We are making many decisions, hundreds if not thousands of times a day. We are writing e-mails, completing projects or just simply ordering something off the Internet. When it comes to work especially, receiving feedback can be valuable. We are doing so much at such a rate, we are bound to miss something or just didn’t have the experience in that particular task. Feedback allows us to gain insight from another view point, alter the way we do something next time and ultimately the feedback will help us do something that little better next time.

The thing about feedback, is that it more or less an opinion, a viewpoint shared by one person. Depending on the way it is delivered or the way it is received, it can greatly impact us and our self worth.

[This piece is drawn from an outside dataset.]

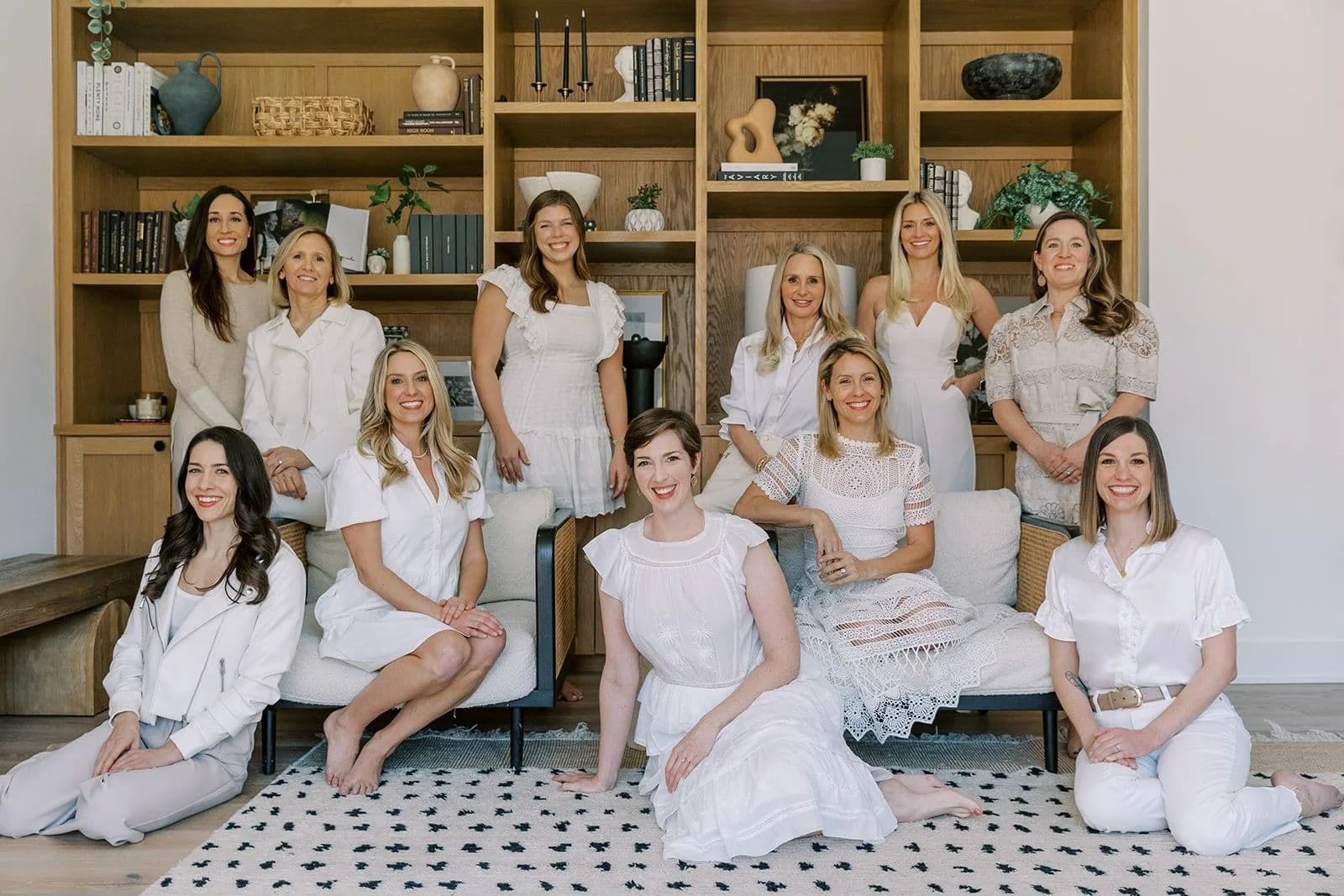 The B. Moore Organized team, dressed in white, seated together in an oak-shelved library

The most challenging piece of feedback I’ve received is when someone says “I could have done more, I’ve let them down or I have upset them”. With feedback like this, I quickly let their feedback drown out my own thoughts and wonder what will I ever do.

Decompress

As above, we generally take feedback especially from someone we trust very much to heart and accept it. Seeking to really understand it and what can be done next time. The problem with this is that it can just sit there. Weighing on your thoughts, making you question quite a number of things.

Decompressing is the first step, decompress can be speaking to someone, someone who will truly listen and not judge or offer opinion. Just get it all out and don’t hold it internally. In this way, it allows you to distance yourself from the feedback, make it external rather than all internal and worrying yourself about it.

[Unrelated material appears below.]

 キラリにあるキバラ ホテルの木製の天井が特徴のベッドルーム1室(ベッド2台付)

Another method is just talking to yourself. Yes it’s perfectly sane to do it and in fact most adults do it quite often. One of the benefits is it allows you to clarify your thoughts and remove that emotion out of the subject. OK, so got it out of your system? Now let’s get some perspective.

Get Perspective

A number of methods can be employed, many more than what is here, but this is what comes to mind when perspective is needed on a subject close to the heart.

Facts Or story

How much of the feedback is routed in facts, information that is undeniable. Such as “we had a low number of respondents on that project” and you actually have the data to back it up. Compared to how much is a story, “you could upset that person”. Well have you spoken to that person? Are they upset? Can you find out to turn story into facts?

Coach Yourself

Now you could have your active listener partner from above do this, but sometimes we don’t want help. So why not try coaching yourself. Imagine you were helping someone out with this situation. What advice would you give them? How would you advise them to approach it? Is it different from how your handling it now? I suspect it is.

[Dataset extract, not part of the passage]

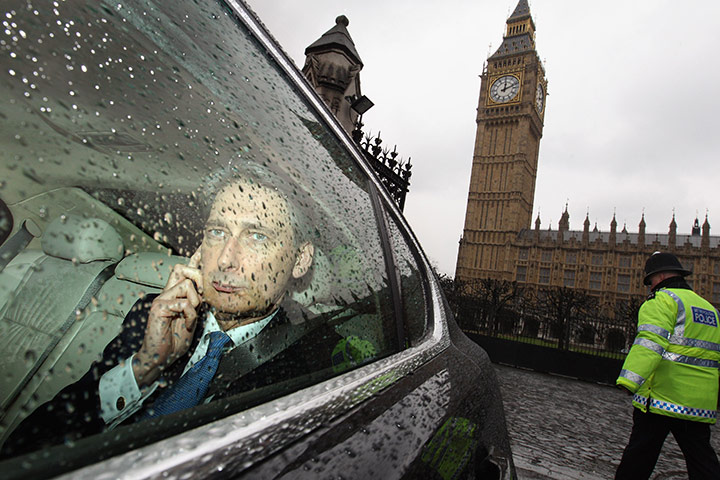 Week in Business:  Transport Secretary Philip Hammond leaves the Houses of Parliament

What’s The Worst That Could Happen

The great line is fantastic when looking at feedback. Let’s say you sent that mail and potentially it was wrong or didn’t land correctly. What is the absolute worst thing that could happen? Chances are it really is not so bad. It is easily forgotten or easily correctable and really is not worth losing sleep over.

Move Forward

You’ve decompressed, you’ve analysed the feedback and coached yourself through it. The final step is the most important.

Simply move forward.

Now the act of moving forward in itself is not easy but it is essential. You’ve spent a lot of energy over this feedback, played our various scenarios in your head and probably gone round the proverbial tree chasing your own tail for a while. So chalk it up to experience and move forward. When you come to another situation, then use that feedback or simply take note and carry on.

  • Decompress
  • Get Perspective
  • Move Forward

Feedback is an essential part of growth, understand the feedback and truly try to understand the other viewpoint. It really could help you perform you role much better and that is something you should definitely listen to and understand. After you have done this, make your own decision off of that. Listen to that inner voice and then go forward, constantly improving yourself.